MATERIAL FOR THIS EXERCISE -

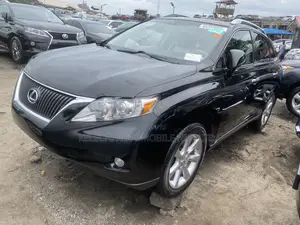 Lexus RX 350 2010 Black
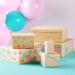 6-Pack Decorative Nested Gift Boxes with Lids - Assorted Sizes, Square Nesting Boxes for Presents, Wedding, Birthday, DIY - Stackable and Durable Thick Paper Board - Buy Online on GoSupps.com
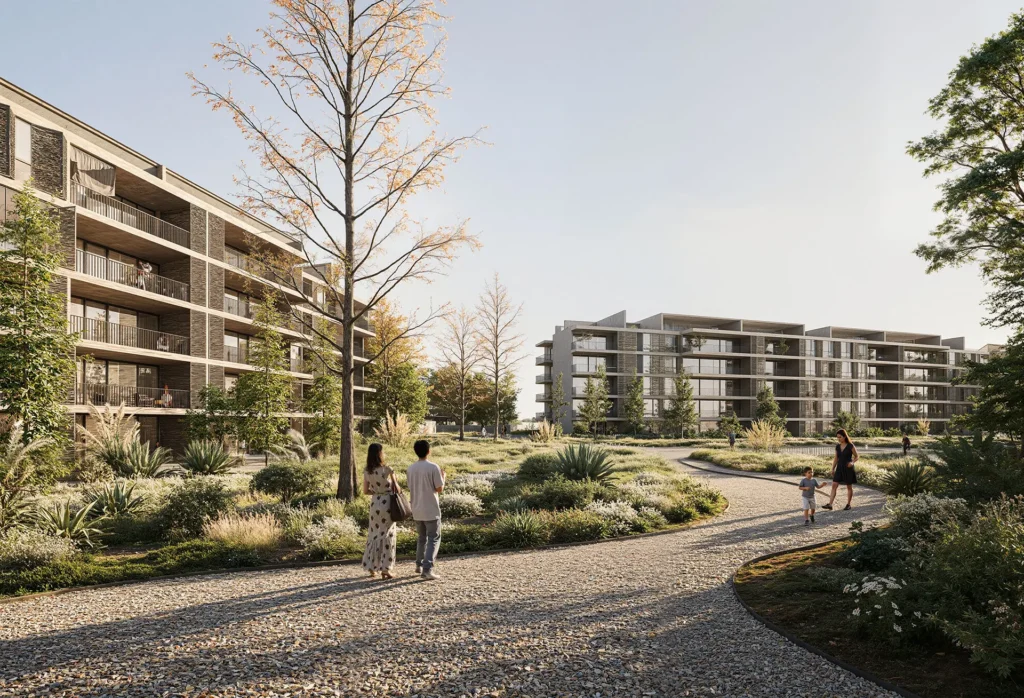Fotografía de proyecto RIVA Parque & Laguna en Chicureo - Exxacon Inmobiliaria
--
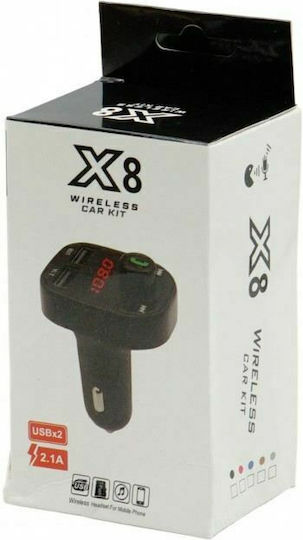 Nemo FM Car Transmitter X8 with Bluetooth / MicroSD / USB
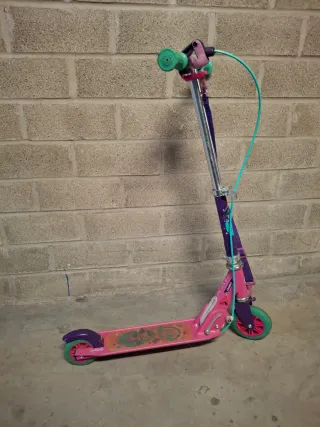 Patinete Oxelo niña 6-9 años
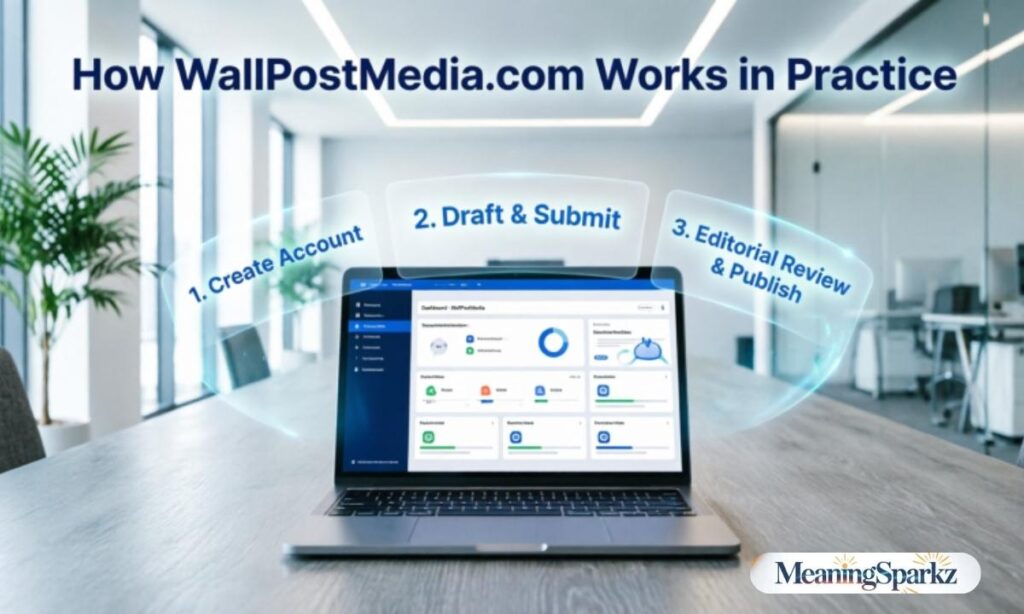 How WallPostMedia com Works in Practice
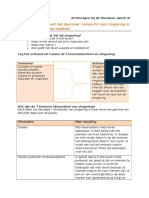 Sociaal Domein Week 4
* * *
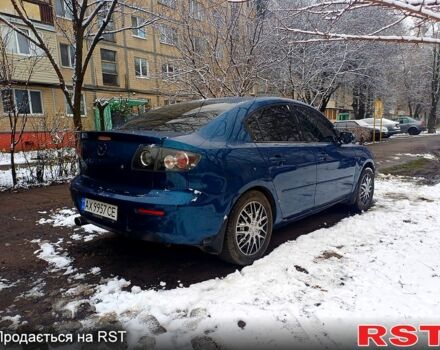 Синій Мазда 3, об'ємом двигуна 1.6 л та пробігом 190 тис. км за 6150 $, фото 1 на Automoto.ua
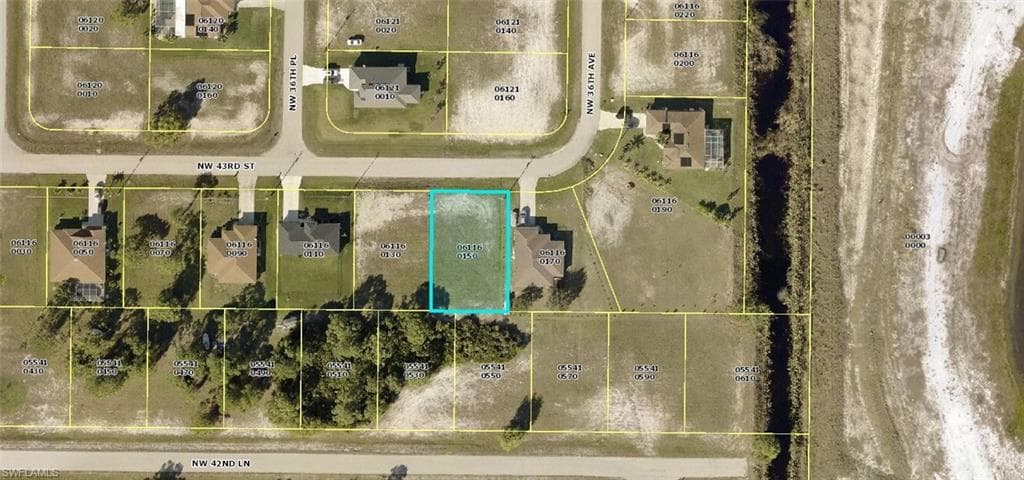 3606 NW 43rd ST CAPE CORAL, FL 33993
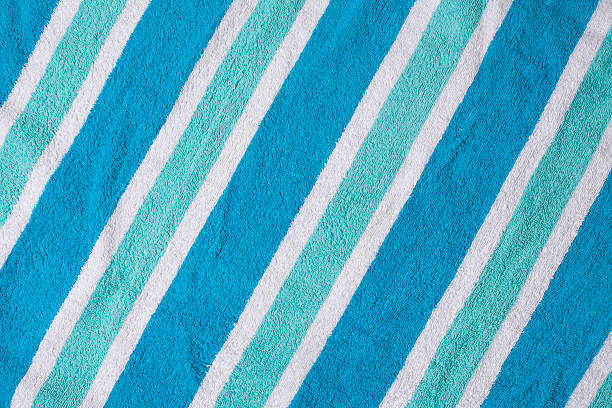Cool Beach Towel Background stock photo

WORK TASK -
Using the data above, transcribe exactly the lines between those containing "Nemo FM Car" and "Sociaal Domein Week 4", inclusive, and leave every picture behind.

SOLUTION -
 Nemo FM Car Transmitter X8 with Bluetooth / MicroSD / USB
 Patinete Oxelo niña 6-9 años
 How WallPostMedia com Works in Practice
 Sociaal Domein Week 4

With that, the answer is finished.